[Data entries]
BEGIN
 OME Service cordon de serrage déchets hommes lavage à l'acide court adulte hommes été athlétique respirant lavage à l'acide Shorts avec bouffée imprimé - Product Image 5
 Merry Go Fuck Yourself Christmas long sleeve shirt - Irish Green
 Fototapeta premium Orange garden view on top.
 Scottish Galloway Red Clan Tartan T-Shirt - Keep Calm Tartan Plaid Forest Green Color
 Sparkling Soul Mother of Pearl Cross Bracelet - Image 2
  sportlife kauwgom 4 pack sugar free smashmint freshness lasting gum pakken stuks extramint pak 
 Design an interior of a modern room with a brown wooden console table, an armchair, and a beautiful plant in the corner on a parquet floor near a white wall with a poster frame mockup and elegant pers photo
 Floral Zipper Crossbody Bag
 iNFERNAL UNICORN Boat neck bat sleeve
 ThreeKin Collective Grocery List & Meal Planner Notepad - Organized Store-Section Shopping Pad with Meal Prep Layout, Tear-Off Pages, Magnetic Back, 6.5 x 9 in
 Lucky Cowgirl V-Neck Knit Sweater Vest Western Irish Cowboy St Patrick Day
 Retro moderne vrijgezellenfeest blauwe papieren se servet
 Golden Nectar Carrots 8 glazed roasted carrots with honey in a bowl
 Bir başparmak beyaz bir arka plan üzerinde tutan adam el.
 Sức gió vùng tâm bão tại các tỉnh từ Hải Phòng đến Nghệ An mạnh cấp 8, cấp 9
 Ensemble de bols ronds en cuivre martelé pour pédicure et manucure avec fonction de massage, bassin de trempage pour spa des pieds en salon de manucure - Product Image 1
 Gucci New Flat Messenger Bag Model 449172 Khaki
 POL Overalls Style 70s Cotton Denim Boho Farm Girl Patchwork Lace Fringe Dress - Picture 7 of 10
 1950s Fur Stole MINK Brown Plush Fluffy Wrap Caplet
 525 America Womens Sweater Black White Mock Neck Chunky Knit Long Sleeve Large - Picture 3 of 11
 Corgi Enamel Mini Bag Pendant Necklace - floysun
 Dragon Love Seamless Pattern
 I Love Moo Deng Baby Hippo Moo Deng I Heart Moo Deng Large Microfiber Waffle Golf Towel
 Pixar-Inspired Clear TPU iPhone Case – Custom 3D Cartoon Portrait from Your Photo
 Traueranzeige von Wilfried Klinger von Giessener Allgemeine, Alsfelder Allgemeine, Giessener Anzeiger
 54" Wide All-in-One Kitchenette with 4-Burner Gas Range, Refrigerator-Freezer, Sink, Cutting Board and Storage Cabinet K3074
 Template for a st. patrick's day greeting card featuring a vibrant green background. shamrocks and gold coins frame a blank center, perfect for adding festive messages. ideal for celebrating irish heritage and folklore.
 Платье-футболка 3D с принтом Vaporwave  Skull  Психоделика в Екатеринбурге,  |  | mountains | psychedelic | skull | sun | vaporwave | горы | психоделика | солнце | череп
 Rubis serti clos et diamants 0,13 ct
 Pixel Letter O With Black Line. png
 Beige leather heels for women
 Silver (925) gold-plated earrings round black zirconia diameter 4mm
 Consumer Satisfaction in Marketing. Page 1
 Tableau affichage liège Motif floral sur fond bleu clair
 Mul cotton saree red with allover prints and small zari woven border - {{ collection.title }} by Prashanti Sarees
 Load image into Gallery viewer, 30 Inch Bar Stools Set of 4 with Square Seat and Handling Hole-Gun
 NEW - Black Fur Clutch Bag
END
• _Instructions for the task_: From the records above, transcribe exactly the run of lines that opens with the line holding "Retro moderne vrijgezellenfeest" and closes with the line holding "525 America Womens", both included.

• _Reply_:
 Retro moderne vrijgezellenfeest blauwe papieren se servet
 Golden Nectar Carrots 8 glazed roasted carrots with honey in a bowl
 Bir başparmak beyaz bir arka plan üzerinde tutan adam el.
 Sức gió vùng tâm bão tại các tỉnh từ Hải Phòng đến Nghệ An mạnh cấp 8, cấp 9
 Ensemble de bols ronds en cuivre martelé pour pédicure et manucure avec fonction de massage, bassin de trempage pour spa des pieds en salon de manucure - Product Image 1
 Gucci New Flat Messenger Bag Model 449172 Khaki
 POL Overalls Style 70s Cotton Denim Boho Farm Girl Patchwork Lace Fringe Dress - Picture 7 of 10
 1950s Fur Stole MINK Brown Plush Fluffy Wrap Caplet
 525 America Womens Sweater Black White Mock Neck Chunky Knit Long Sleeve Large - Picture 3 of 11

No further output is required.